When you write your Batch script in a text editor like Notepad or VS Code, you must ensure the file itself is saved with UTF-8 encoding.

  • If the file is saved as "ANSI" (the default in older versions of Notepad), the Unicode symbols inside your script will be corrupted at the byte level before the chcp command even runs.
  • In VS Code, check the encoding indicator in the bottom-right status bar. Click it to change to "UTF-8."
  • In Notepad (Windows 10+), use File β†’ Save As and select "UTF-8" from the Encoding dropdown.
info

UTF-8 with or without BOM: A Byte Order Mark (BOM) is a special 3-byte prefix (EF BB BF) that some editors add to UTF-8 files. When a .bat file has a BOM, cmd.exe may display or process the BOM bytes as garbage characters at the very beginning of the script's output. Saving as UTF-8 without BOM is recommended for Batch scripts. VS Code saves without BOM by default. Notepad in Windows 10+ also saves without BOM by default, but older versions may add one.

Practical Uses for Unicode in Batch​

  1. Success/Failure Icons: Use βœ” and βœ– instead of [OK] and [FAIL].
  2. Status Gauges: Use the block characters β–ˆ and β–‘ to create higher-resolution progress bars.
  3. Modern UI Elements: Use arrows (β†’, ←) for navigation instructions in menus.
  4. Localization: Correctly display names with accents or non-English characters in pathnames or user reports.
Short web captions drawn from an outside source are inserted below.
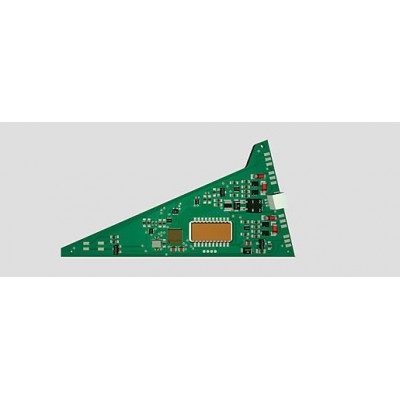 74465 Märklin C-rail driewegwissel Digital-decoder voor...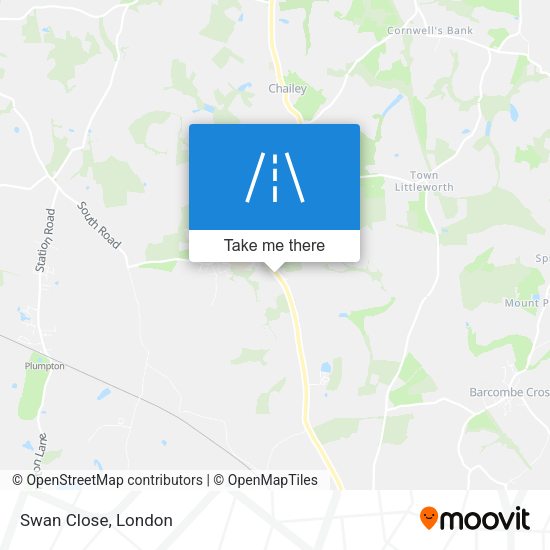 Swan Close map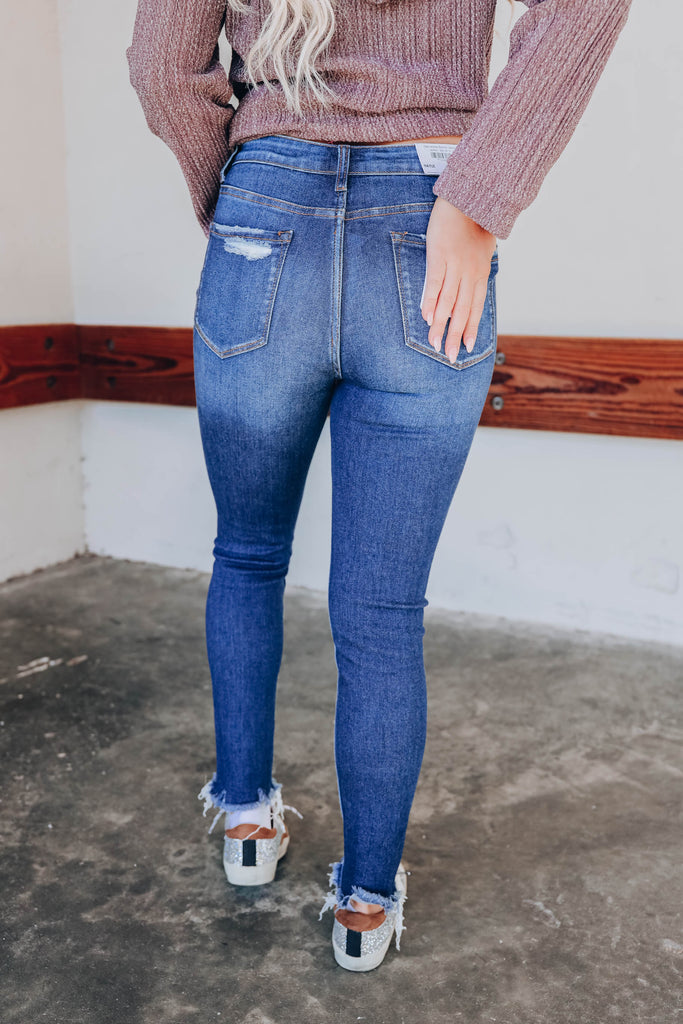 Zola Ankle Skinny Jeans – Whiskey Darling Boutique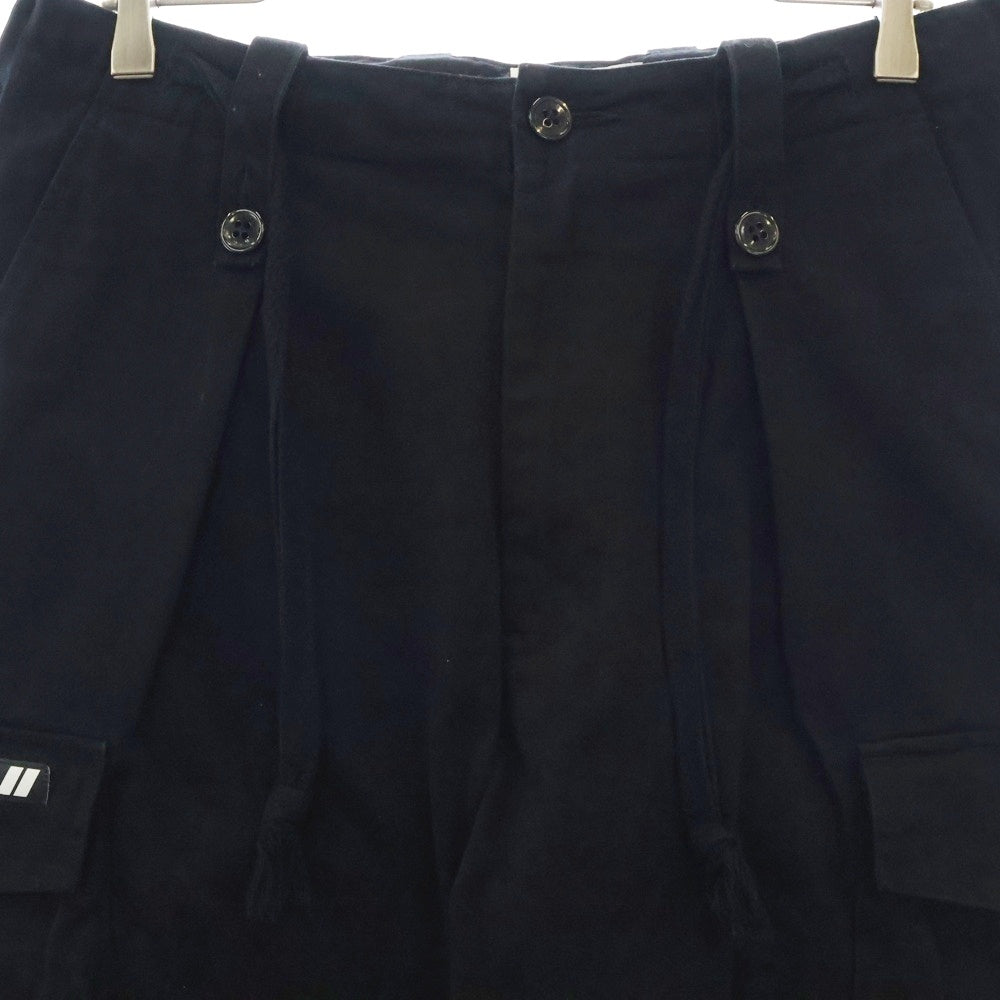 WTAPS(ダブルタップス) 23AW COTTON. TWILL TROUSERS コットン ツイル カーゴ トラウザーズ ロングパンツ ブラック 232WVDT-PTM06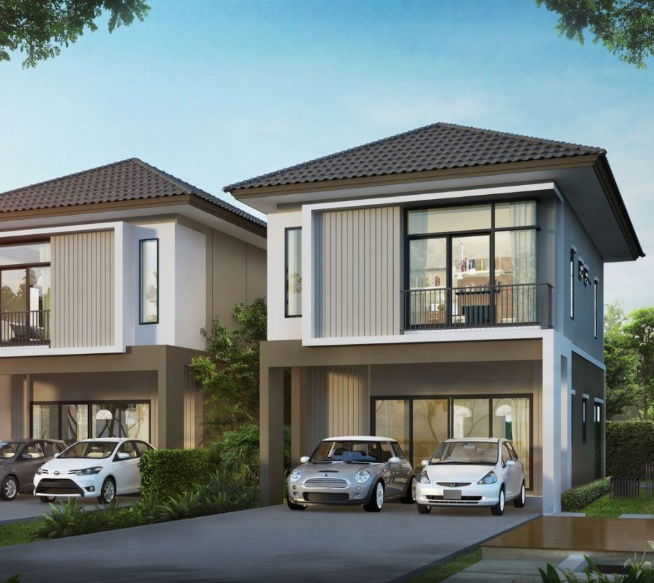 ขายบ้านแฝด : พาทิโอ บางนา - วงแหวน บ้านแฝดฟังก์ชั่นบ้านเดี่ยว ทำเลดีติดถนน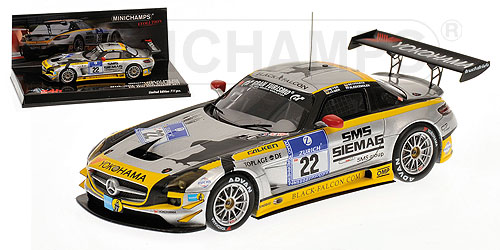 MERCEDES-BENZ SLS AMG GT3 – HEYER/JÄGER/SEYFFARTH/BLEEKEMOLEN – 24H NÜRBURGRING 2011 L.E. 711 pcs. 1:43 model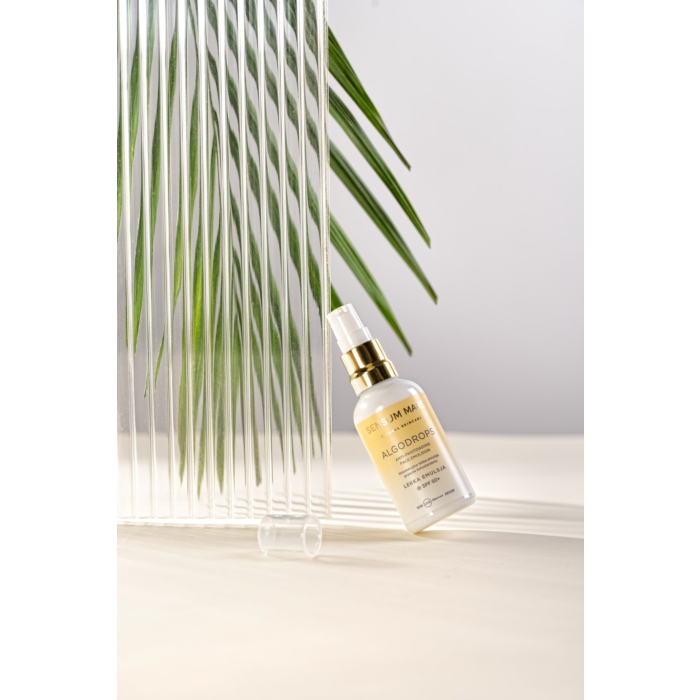 Sensum Mare Algodrops Lekka emulsja Ochronna przeciw Fotostarzeniu SPF 50 Uvb Uva Pa++++ Hev/Ir
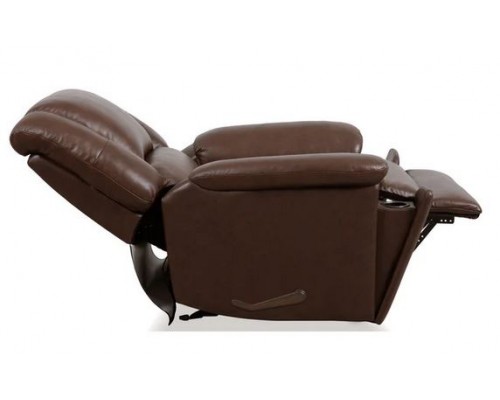 Plush Tavern Brown Perfect Match Gliding Recliner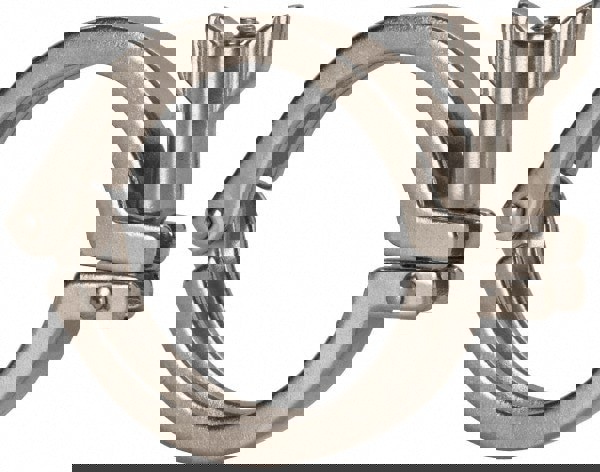 Sanitary Stainless Steel Pipe Clamp with Wing Nut: 2-1/2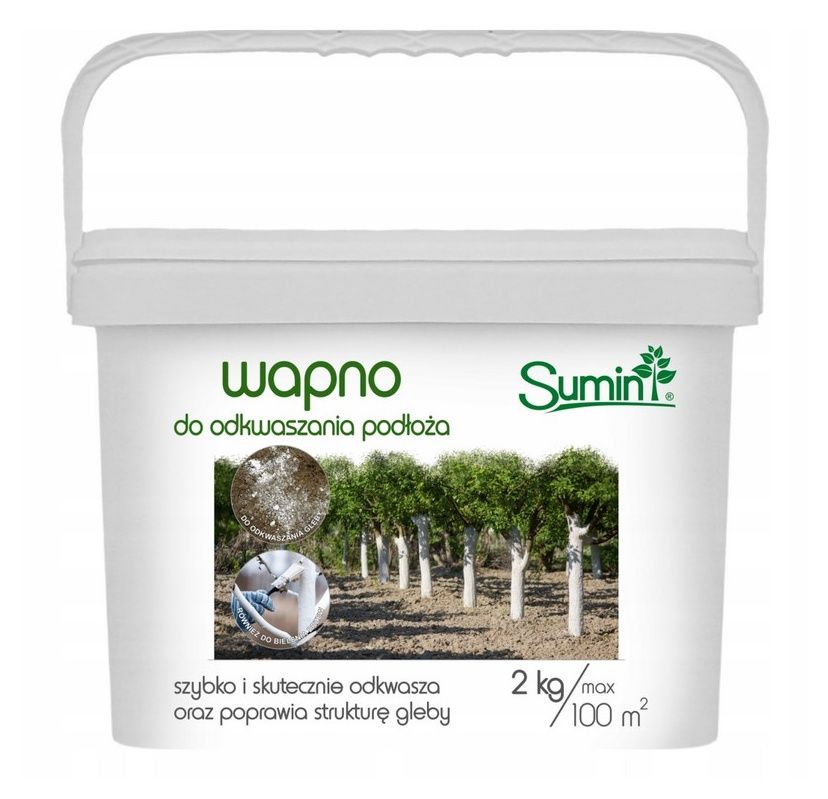 Wapno do odkwaszania podłoża 2kg Sumin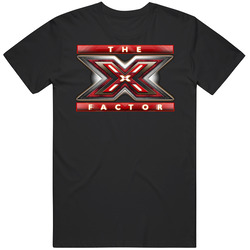 The X Factor Tv Show Mens Size Large Black T Shirt The X Factor Tv Show Mens Size Large Black T Shirt
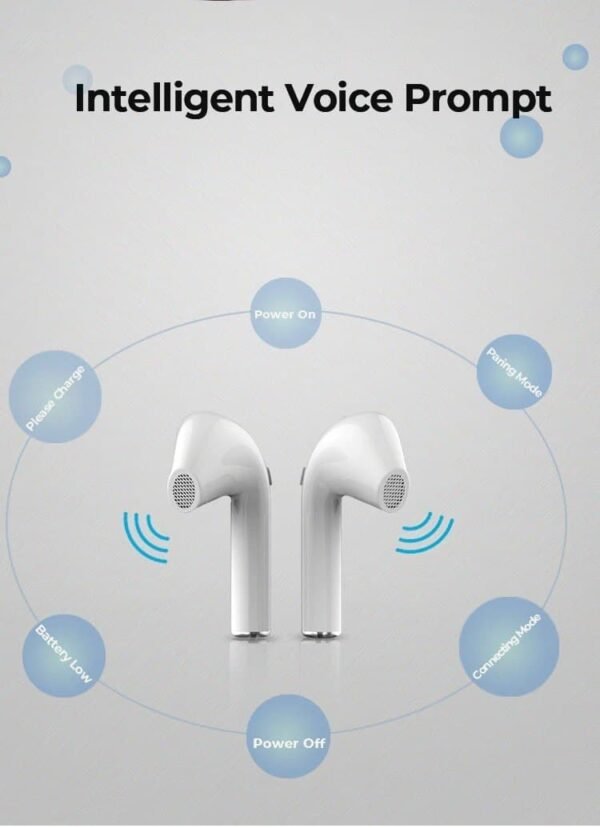 TWS Bluetooth Earphones Stereo Wireless Earbuds LED Power Display Case 3D Stereo Sound IPX5 Waterproof - Image 7
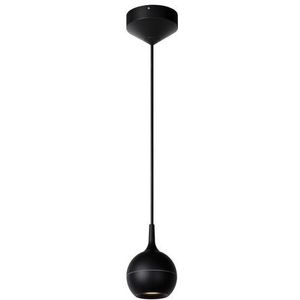 Lucide Hanglamp Favori Zwart ⌀9cm Gu10 | Badkamerverlichting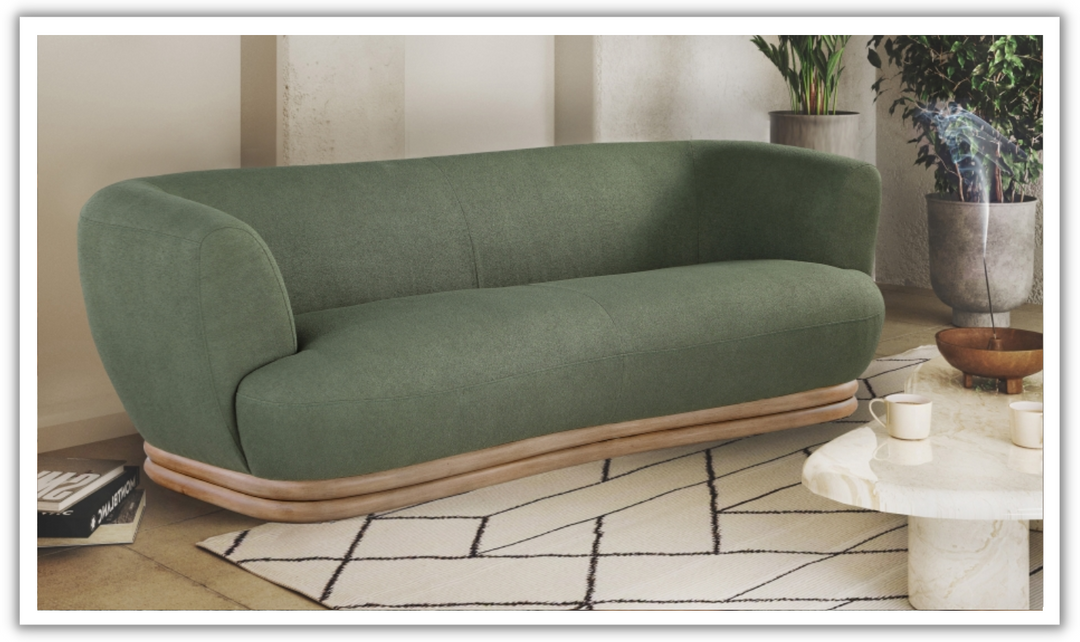 Meridian Furniture Kipton Boucle Fabric Upholstered Sofa-Jennifer Furniture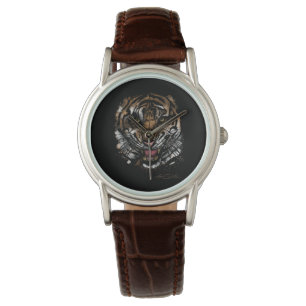 Tiger Ansikte (Namnteckning design) Armbandsur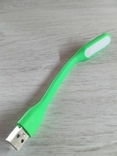 USB Портативный Гибкий LED Светильник Лампа USB LED зеленый, photo number 2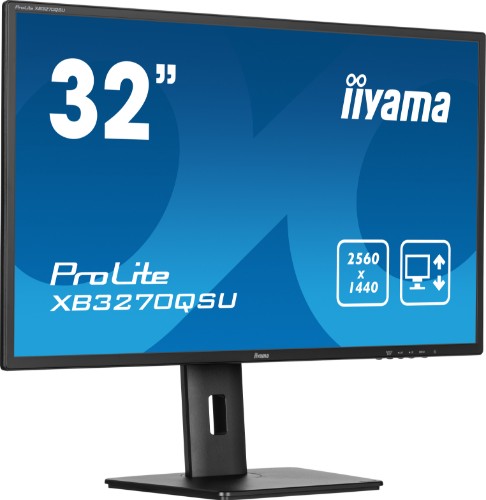 iiyama ProLite A height adjustable 32” IPS Panel Technology monitor featuring QHD resolution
Troubleshooting: Why do I see boxes or question marks?​

If you see β–‘ or ??? instead of the expected symbols:

  • Font limitation: Your chosen font doesn't contain that specific glyph. Try switching to Cascadia Code or Segoe UI Symbol which have broader Unicode coverage.
  • Editor encoding mismatch: You typed the symbols in your editor, but the editor saved the file using a different encoding (e.g., ANSI/Windows-1252 instead of UTF-8). Check your editor's encoding settings and re-save as UTF-8.
  • Code page not set: Ensure chcp 65001 is executed before any echo statements that contain Unicode characters. If the code page is still set to 437 or another legacy page when the echo runs, the bytes will be interpreted incorrectly.
  • Piping or redirection issues: When you redirect output to a file (script.bat > output.txt), the file will be encoded in UTF-8. Some legacy tools may not read UTF-8 files correctly.
warning

Redirection caution: When you pipe the output of a script running in chcp 65001 to a text file (myscript.bat > log.txt), the resulting file will be in UTF-8. Some legacy log analysis tools or scripts that expect ANSI-encoded input may not handle this correctly. If downstream tools require a specific encoding, restore the original code page before generating output for those tools.

Summary Checklist​

  1. Save the original code page: Capture the current code page number before changing it so you can restore it when the script finishes.
  2. Switch the code page: Use chcp 65001 >nul to enable UTF-8.
  3. Verify the font: Use a TrueType or OpenType font that includes the Unicode glyphs you need (Consolas, Cascadia Code, etc.).
  4. Save the script correctly: Ensure the .bat file is encoded as UTF-8 without BOM in your text editor.
  5. Restore the code page: Run chcp <original> >nul at the end of your script to leave the console in its previous state.

Conclusion​

Displaying Unicode characters brings your Batch scripts into the modern era of computing. It allows you to create more intuitive, visually rich interfaces that communicate status through symbols and support a global range of languages. With a single chcp command and the right file encoding, you can move past the limitations of legacy character sets and embrace a more expressive and professional command-line experience.